CNN-QR Algorithm - Amazon Forecast

CNN-QR Algorithm

Amazon Forecast CNN-QR, Convolutional Neural Network - Quantile Regression, is a proprietary machine learning algorithm for forecasting scalar (one-dimensional) time series using causal convolutional neural networks (CNNs). This supervised learning algorithm trains one global model from a large collection of time series and uses a quantile decoder to make probabilistic predictions.

Getting Started with CNN-QR

You can train a predictor with CNN-QR in two ways:

  1. Manually selecting the CNN-QR algorithm.

  2. Choosing AutoML (CNN-QR is part of AutoML).

If you are unsure of which algorithm to use, we recommend selecting AutoML, and Forecast will select CNN-QR if it is the most accurate algorithm for your data.

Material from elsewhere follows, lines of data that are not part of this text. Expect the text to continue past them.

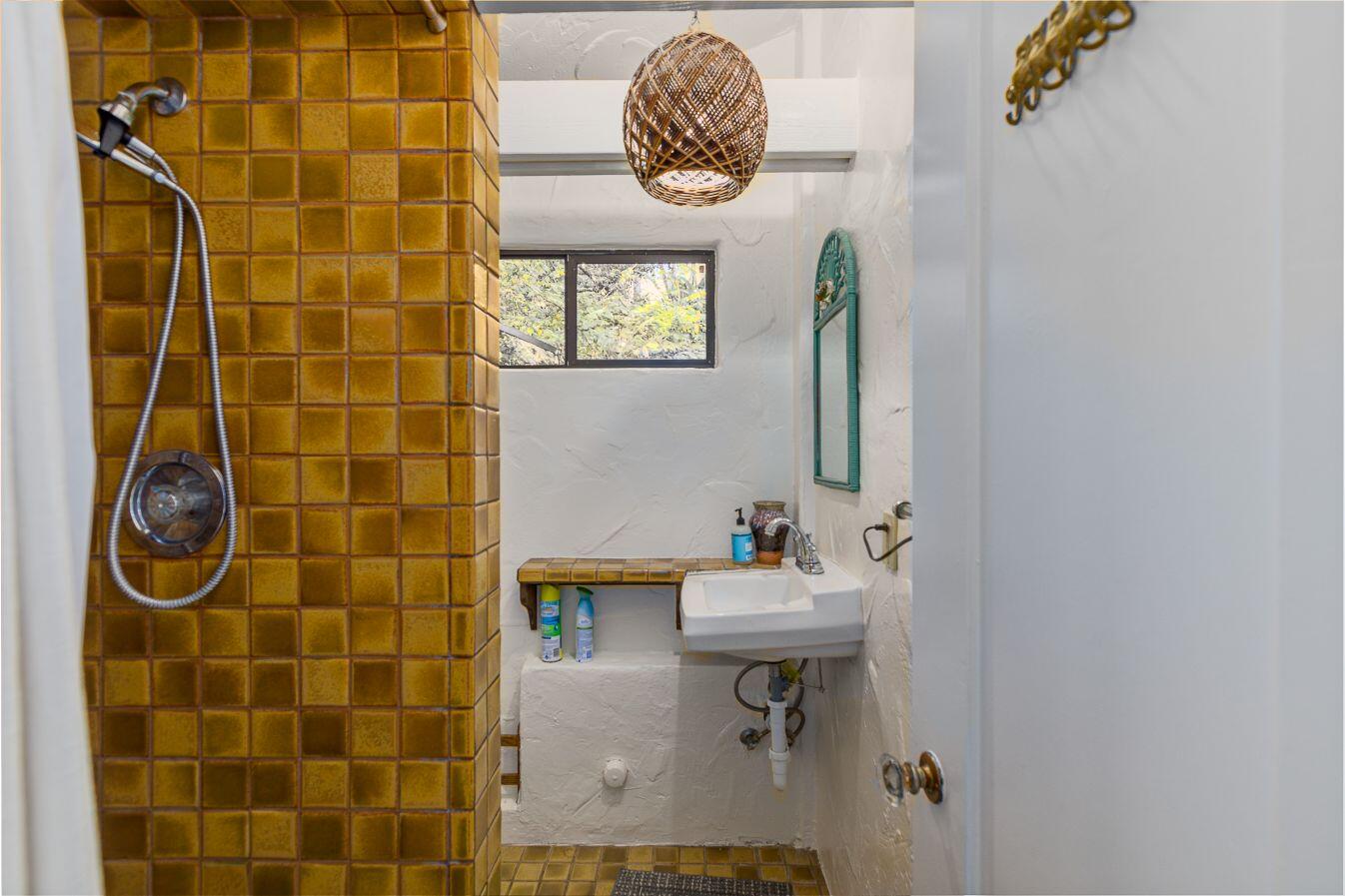 1600 Oramas Road Santa Barbara, CA 93103 - Photo 34 of 42 Guest Bath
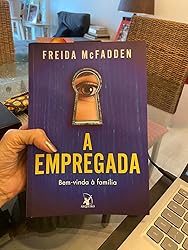 A empregada (A empregada – Livro 1): Bem-vinda à família | Amazon.com.br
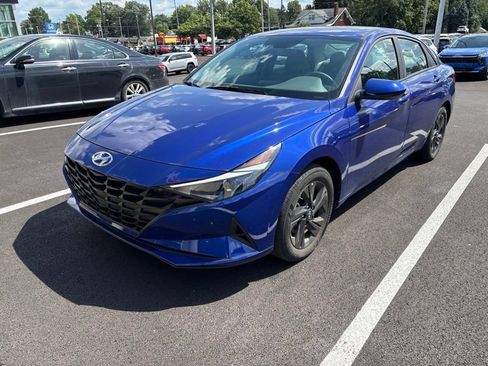 Used 2023 Hyundai Elantra SEL FWD image 5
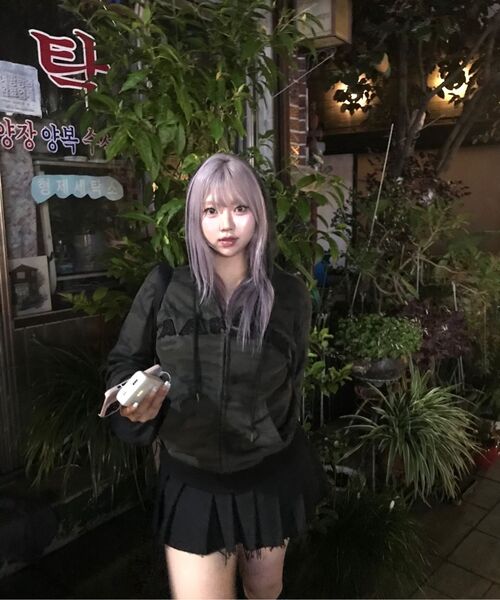 AAKAM(アーカム)の「Contrast Logo Zip-up Hoodie (Black)(パーカー・レディース・その他・1/2)」の2枚目の写真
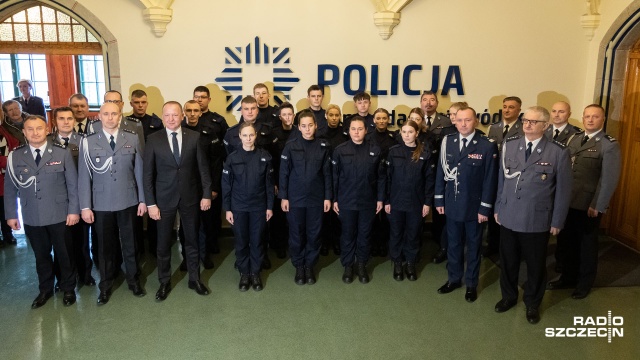 Ślubowanie 18. nowych policjantów odbyło się w siedzibie Komendy Wojewódzkiej Policji w Szczecinie. To dziewięć kobiet i tyle samo mężczyzn.
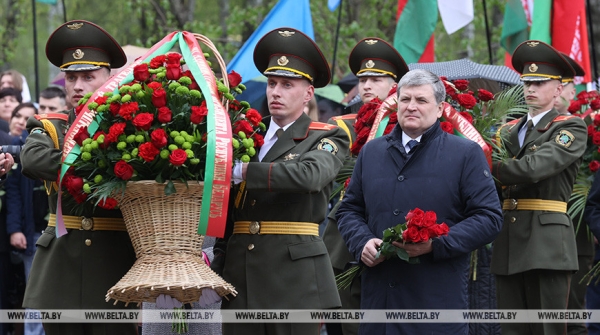 Луцкий об аварии на ЧАЭС: мы справились потому, что вся страна включилась в процесс ликвидации последствий Луцкий об аварии на ЧАЭС: мы справились потому, что вся страна включилась в процесс ликвидации последствий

To see if CNN-QR was selected as the most accurate model, either use the DescribePredictor API or choose the predictor name in the console.

Here are some key use cases for CNN-QR:

  • Forecast with large and complex datasets - CNN-QR works best when trained with large and complex datasets. The neural network can learn across many datasets, which is useful when you have related time series and item metadata.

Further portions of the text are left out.